This event has passed.
Thursday, January 23, 2025
1:00 pm – 2:00 pm
Presenter: Dr. Neiwen Ling is currently a Postdoctoral Associate in the Efficient Computing Lab at Yale, working under the guidance of Prof. Lin Zhong.
Abstract:
The increasing integration of advanced Artificial Intelligence into time-sensitive applications, such as autonomous driving and embodied robotics, presents challenges in balancing efficiency, responsiveness, and scalability on resource-constrained edge platforms. This talk will present a comprehensive exploration of the development of time-sensitive AI systems in resource-constrained environments, including the optimization of deep learning (DL) workloads and the deployment of large language models (LLMs) for embodied agents. I will begin with a segmented LLM serving system for time-sensitive robotic applications, which maximizes time utility and responsiveness for multi-agent systems.
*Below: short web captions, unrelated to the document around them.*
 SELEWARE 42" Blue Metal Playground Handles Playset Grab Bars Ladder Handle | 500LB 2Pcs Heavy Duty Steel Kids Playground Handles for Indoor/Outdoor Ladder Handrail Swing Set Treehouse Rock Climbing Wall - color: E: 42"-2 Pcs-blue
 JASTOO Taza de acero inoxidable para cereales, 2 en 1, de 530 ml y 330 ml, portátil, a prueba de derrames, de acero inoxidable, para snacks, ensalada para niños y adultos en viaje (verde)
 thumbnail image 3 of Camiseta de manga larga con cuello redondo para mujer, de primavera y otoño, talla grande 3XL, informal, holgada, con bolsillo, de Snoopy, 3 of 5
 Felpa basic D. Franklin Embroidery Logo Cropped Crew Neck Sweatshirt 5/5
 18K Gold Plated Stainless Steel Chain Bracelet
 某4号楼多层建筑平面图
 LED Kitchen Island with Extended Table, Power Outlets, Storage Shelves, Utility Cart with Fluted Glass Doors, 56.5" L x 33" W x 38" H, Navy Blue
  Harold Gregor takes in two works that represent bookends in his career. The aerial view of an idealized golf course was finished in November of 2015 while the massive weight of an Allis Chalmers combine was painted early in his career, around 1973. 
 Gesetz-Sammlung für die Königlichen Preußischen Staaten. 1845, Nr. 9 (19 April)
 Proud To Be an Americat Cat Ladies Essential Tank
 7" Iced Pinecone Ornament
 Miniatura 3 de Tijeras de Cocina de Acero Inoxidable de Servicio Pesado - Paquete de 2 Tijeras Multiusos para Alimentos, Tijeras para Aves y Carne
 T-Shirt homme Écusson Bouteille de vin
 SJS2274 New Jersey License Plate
Next, I will introduce a system that optimizes real-time DL inference on heterogeneous platforms by introducing a novel duo-block abstraction and cross-processor scheduling mechanism, achieving significant reductions in deadline misses. Finally, I will introduce a smart roadside infrastructure system that leverages cooperative edge computing to provide timely AI services to autonomous vehicles. I will conclude by outlining future directions for advancing time-sensitive AI systems for embodied agents in real-world applications.